Economic Indicators | Jobs and Unemployment

Status quo not good enough for state economies either

Monthly state employment data released today by the Bureau of Labor Statistics show that states throughout the country reflect the trends evident in the national economy.

Between September 2012 and December 2012, nine states and the District of Columbia experienced declines in overall employment, compared with 12 in last month’s report. All regions of the country saw modest employment growth between September and December, led by the South (with 0.5 percent job growth) and the West (with 0.4 percent job growth). Three states—Utah, Nevada and North Carolina—had employment growth exceeding 1.0 percent during this time period.

MORE: Graphs and data from the latest employment and unemployment numbers on EPI’s State of Working America

With unemployment rates of 10.2 percent, Nevada and Rhode Island remain the only two states with double-digit unemployment, while California, New Jersey and North Carolina have rates exceeding 9.0 percent.

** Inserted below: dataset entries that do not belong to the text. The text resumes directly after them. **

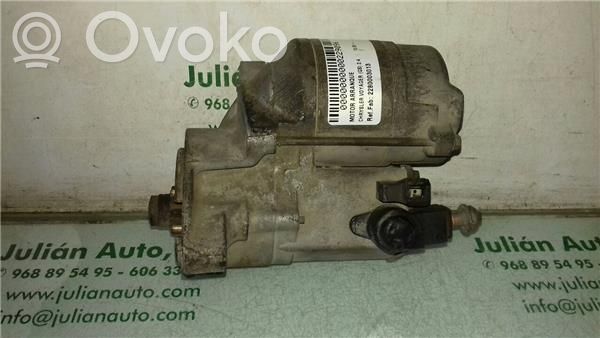 Starteris   2280003013,4686111DENSO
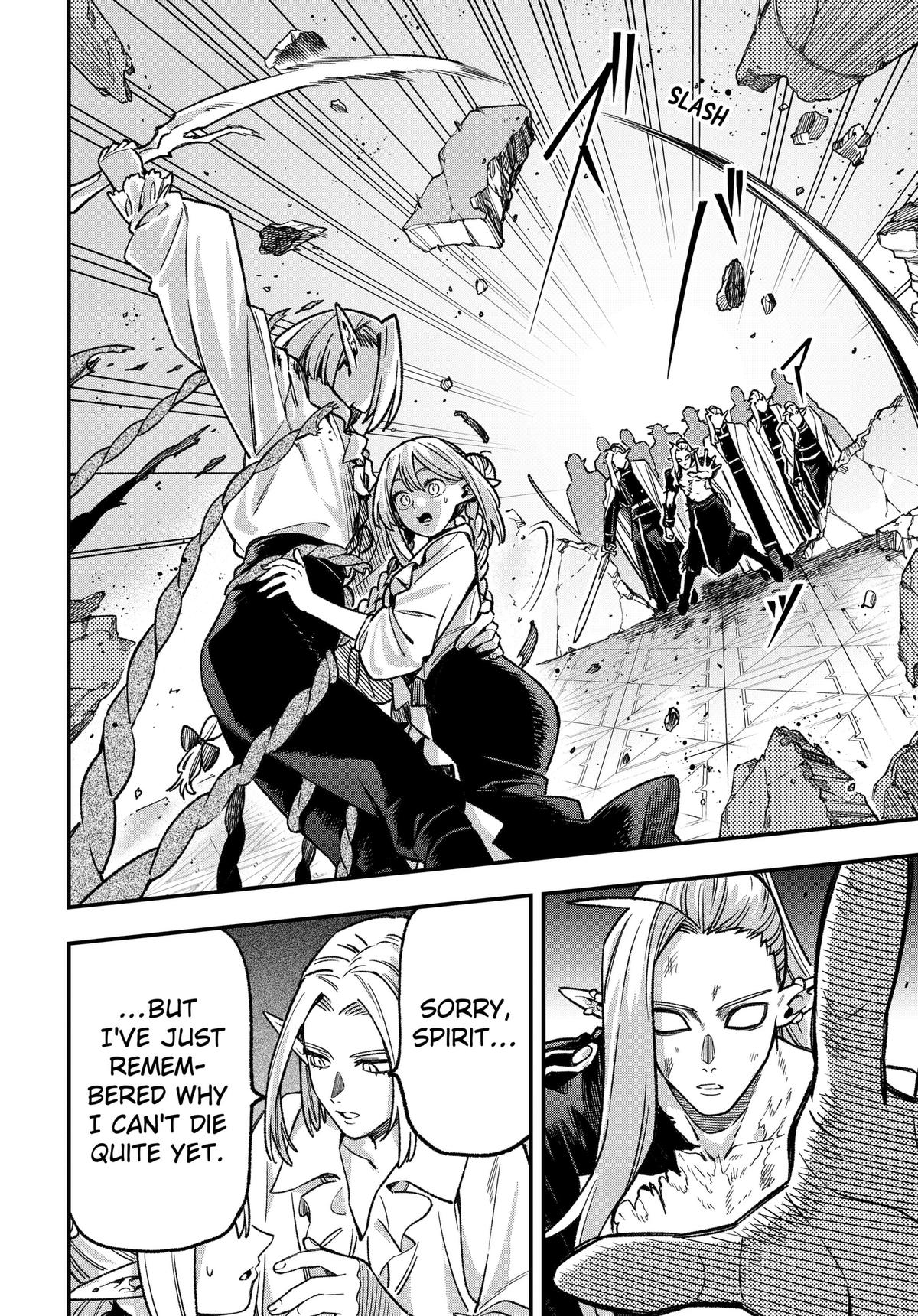 Kane no Naru Mori Chap 28 - Next Chap 29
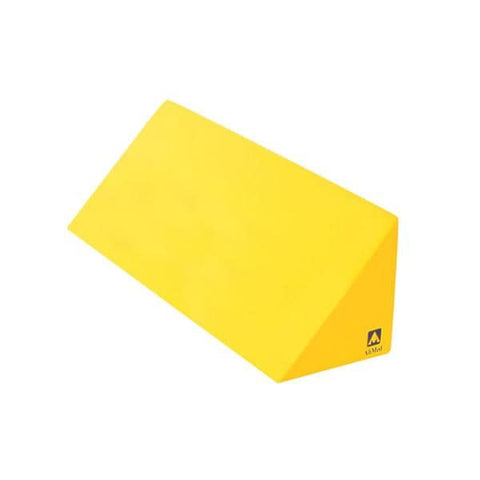 Alimed, Inc Wedge Positioning Protecta-Coat 45 Degree/Single Angle Foam Yellow Cvr 24x7x7 Each - 924952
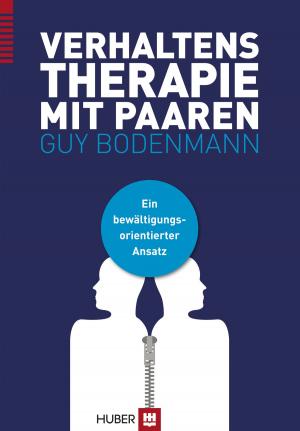Cover of the book Verhaltenstherapie mit Paaren by Gisela Möller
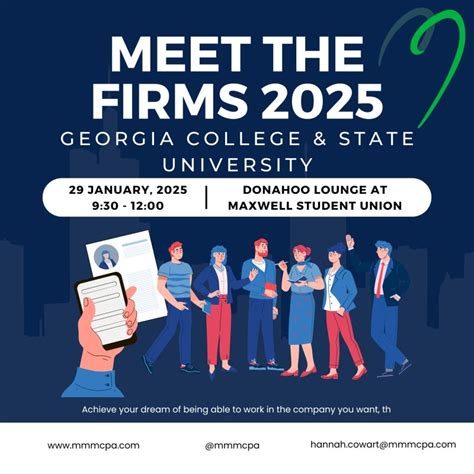 McNair, McLemore, Middlebrooks & Co., LLC on LinkedIn: Calling all GCSU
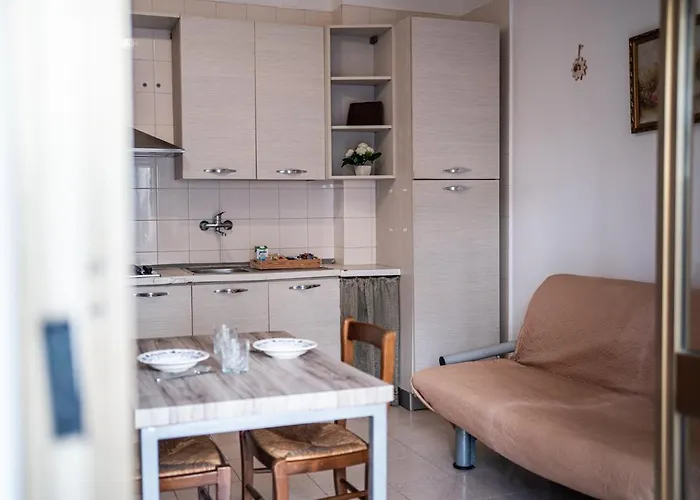 Trilo Verdi - Salento Reservation Апартаменты Галлиполи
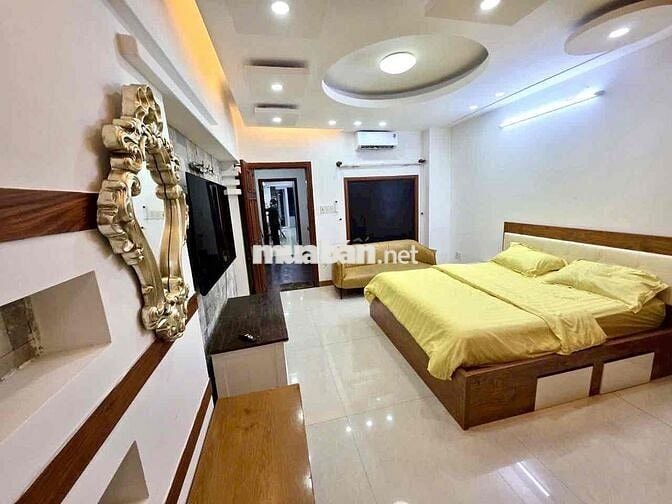 PHÒNG TRỌ CAO CẤP FULL NỘI THẤT TRUNG TÂM BÌNH THẠNH CHỈ TỪ 4TR-8TR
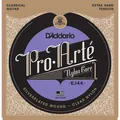 D'Addario K-Git.Saiten Pro Arte EJ44 Silverplated, Extra Hard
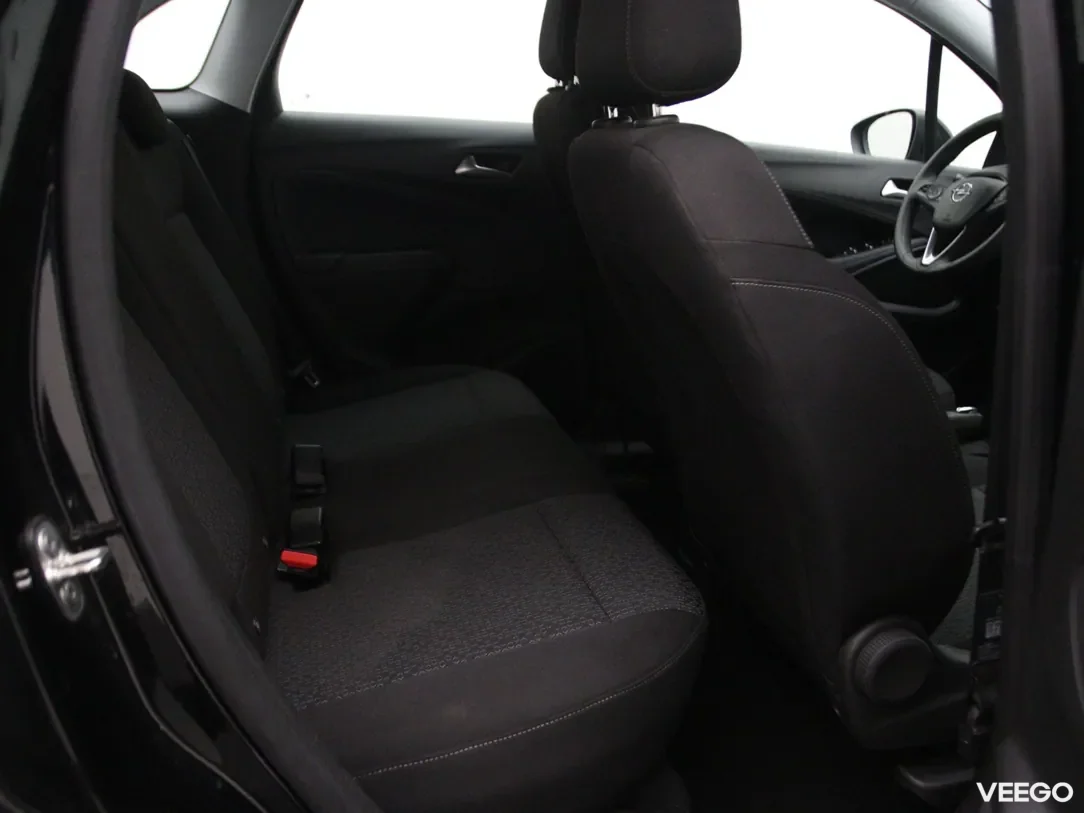 Opel Crossland X 1.2 81kW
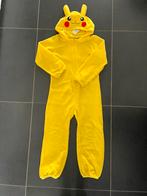 Verkleedpak pikatchu carnaval 8 tot 10 jaar, Kinderen en Baby's, Ophalen of Verzenden, Zo goed als nieuw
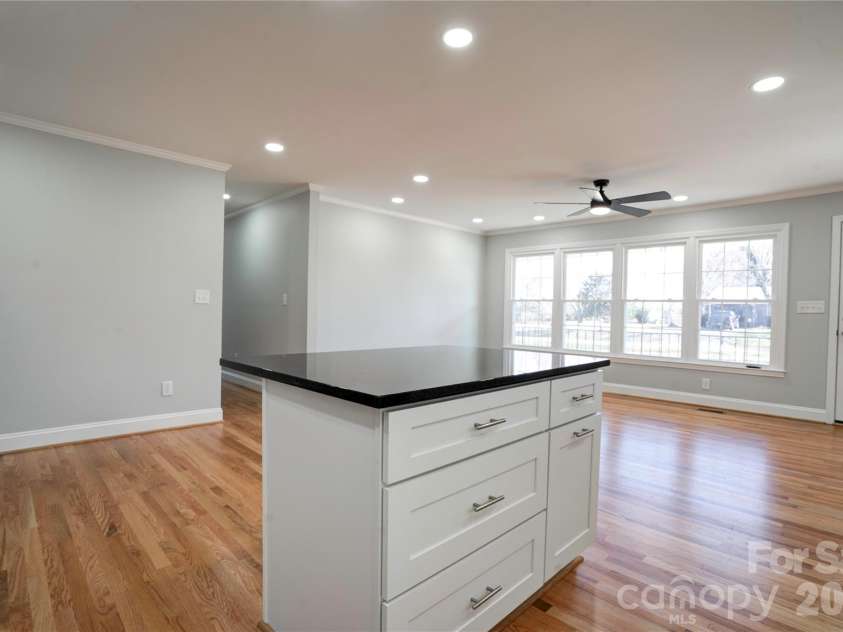 2822 Bettis Road, Grover, NC 28073.  MLS# CAR4333604, YatesRealty ID 3435. Island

As governors unveil budget proposals in statehouses nationwide, it remains critical that policymakers not undermine state economic recovery through poor policy choices. Furthermore, state economies continue to remain vulnerable to budget decisions taken at the federal level. As federal lawmakers contemplate cuts to critical programs and services in the name of “austerity,” the well-being of state economies hang in the balance.